The second circular movement that the swordsman can make is around the opponent’s maximum Orb, which is the Orb of the means of proportion, and is called curved step because it’s taken along the circumference of a circle. This step is used to seek an advantage over the opponent, if they neglect to make the proper opposition with the motion about the center. So, if the swordsman, being on the circumference of the maximum Orb, takes a curved step from B. to point C. by the profile of the body, or to point D. by the posture of the Sword, and their opponent, who we assume is at point A. in this figure num 9, doesn’t make a motion corresponding to those lines, the swordsman will have gained an advantage for all the propositions of our Fencing.
The third circular movement is the one the swordsman will make through the common Orb, which is considered between the two combatants, as seen in figure num. 10. Where the swordsman is at A. and his adversary at B. If he takes a curved step around the common circle from B. to S., he can take his from A. to C., ensuring he always remains in the middle of proportion.

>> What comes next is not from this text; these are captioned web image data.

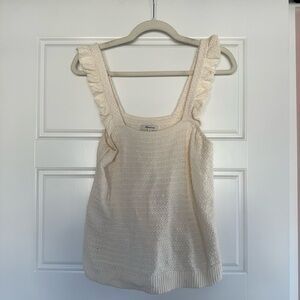 Madewell Ivory Knit Tank with Ruffle Straps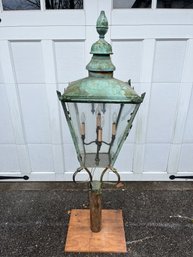 Antique Late 1800's Foster & Pullen English Copper Street Lamp - Working !!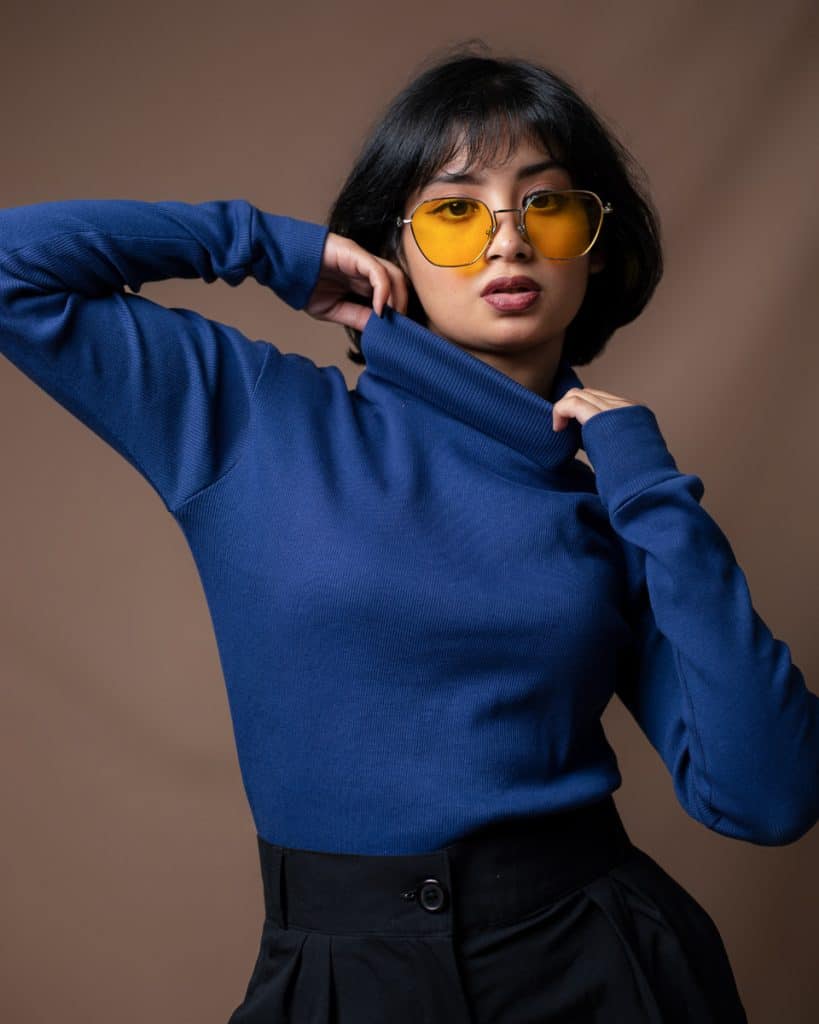 Women’s Dark Melange Ribbed Turtle Neck Pullover with Long Sleeves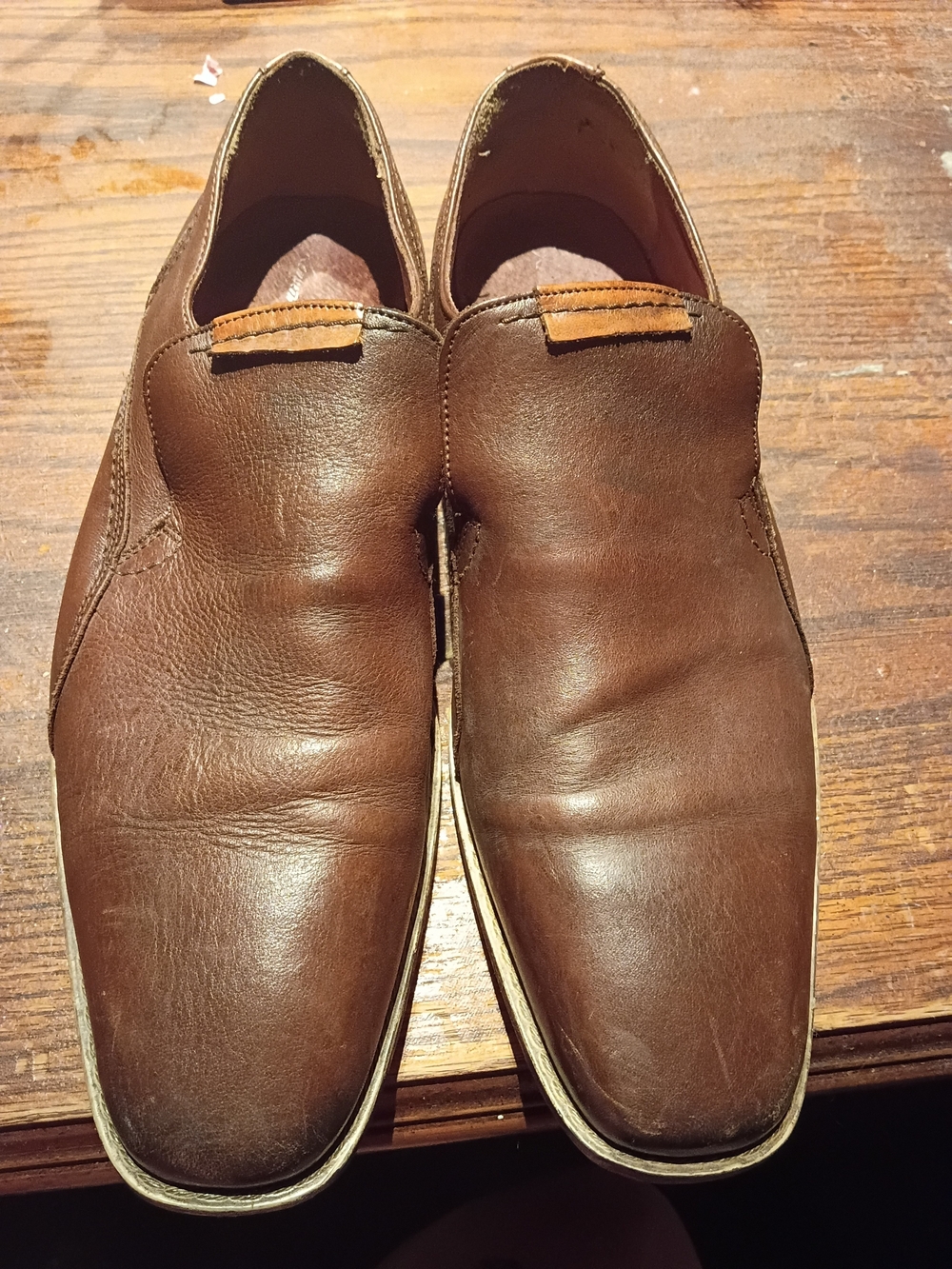 Kenneth Cole New York Brown Leather Slip-On Loafers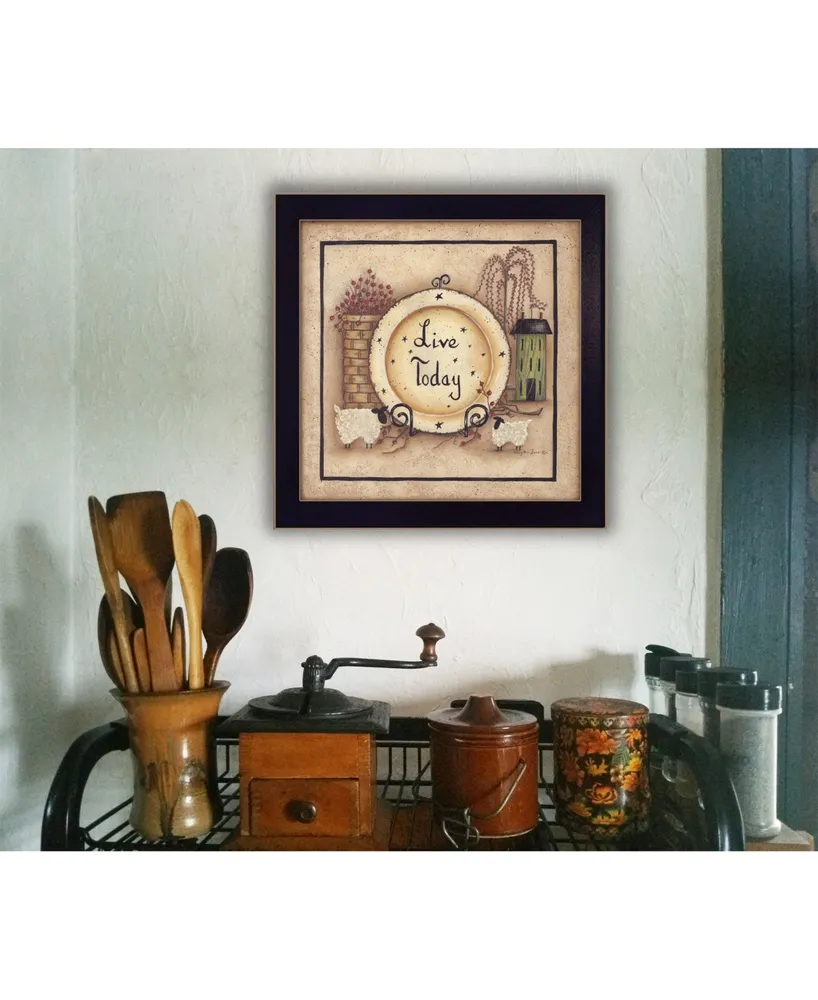 Trendy Decor 4U Live Today By Mary June, Printed Wall Art, Ready to hang, Black Frame, 14" x 14"
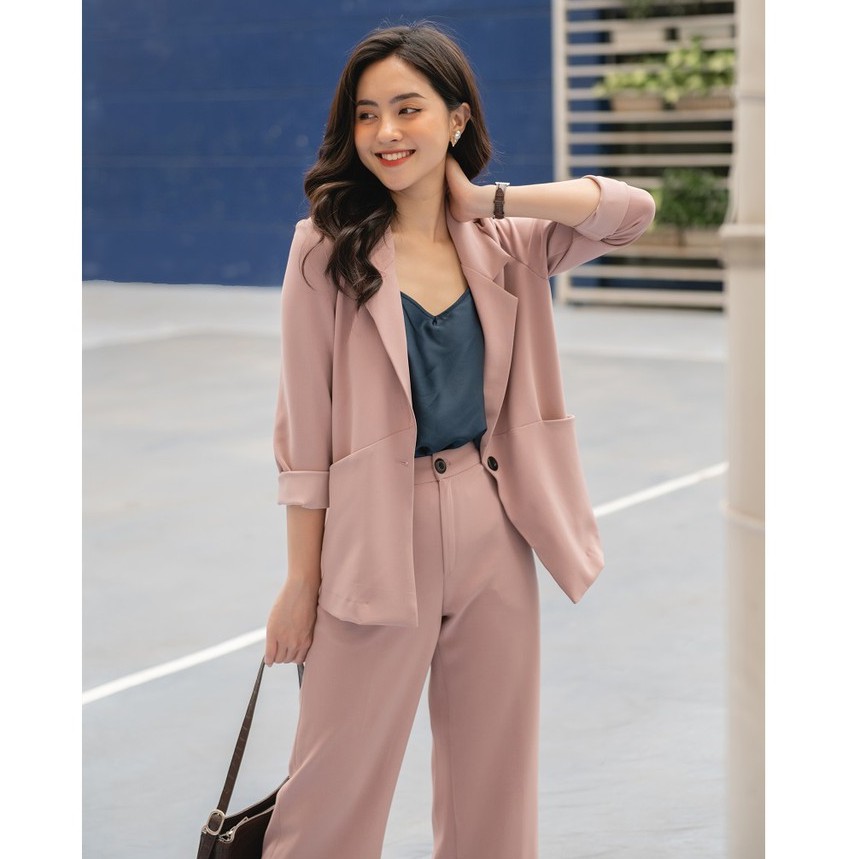 Set vest nữ hồng pinky xinh đẹp đi chơi công sở đều xinh (áo vest+quần âu)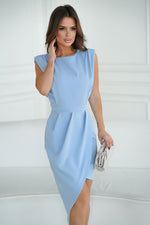 Bicotone Midi Asymmetrical Open-Back Fitted Dress blue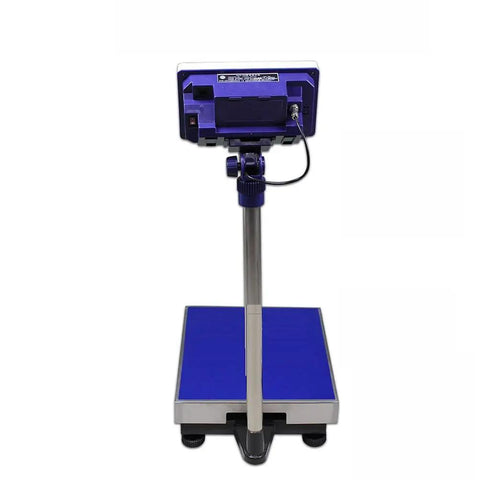 Heavy Duty Digital Floor Scale Stainless Steel Platform HD LED Display viewed from the back with blue platform and stand.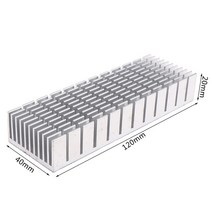 쿨링팬 1Pc 120*40*20MM 알루미늄 방열판 패널 CPU 전력 증폭기 라디에이터, 01 WHITE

Another step is called mixed, and transversal and curved. This is because part of this step or movement is made in a straight line, and part is made along the circumference of a circle, which is the opponent’s fifth, as seen in this figure. Here, the swordsman is at A. and his opponent at B. If the swordsman takes a transversal step along line A.D. from the middle of proportion A. to the proportioned middle D. for the atajo, and without setting the left foot next to the right, goes on to position himself on the opponent’s tangent; and having set it, he will move the right foot to point E. along the circumference D.E., positioning the heel’s center on the tangent, and with the foot’s length, he will occupy part of the circumference of Orb 5, as shown in the figure.
The same will occur if the swordsman goes to make this concluding movement from the proportional middle C. because the step he takes from C.D. will be transversal, and the remainder from D.E. will be curved. Therefore, this step, or movement made with the right foot along the straight and circular line, will be called mixed transversal and curved for the concluding movement. This will be done much more easily and safely from the proportional middle C. than from the middle of proportion A., as we will demonstrate in its place.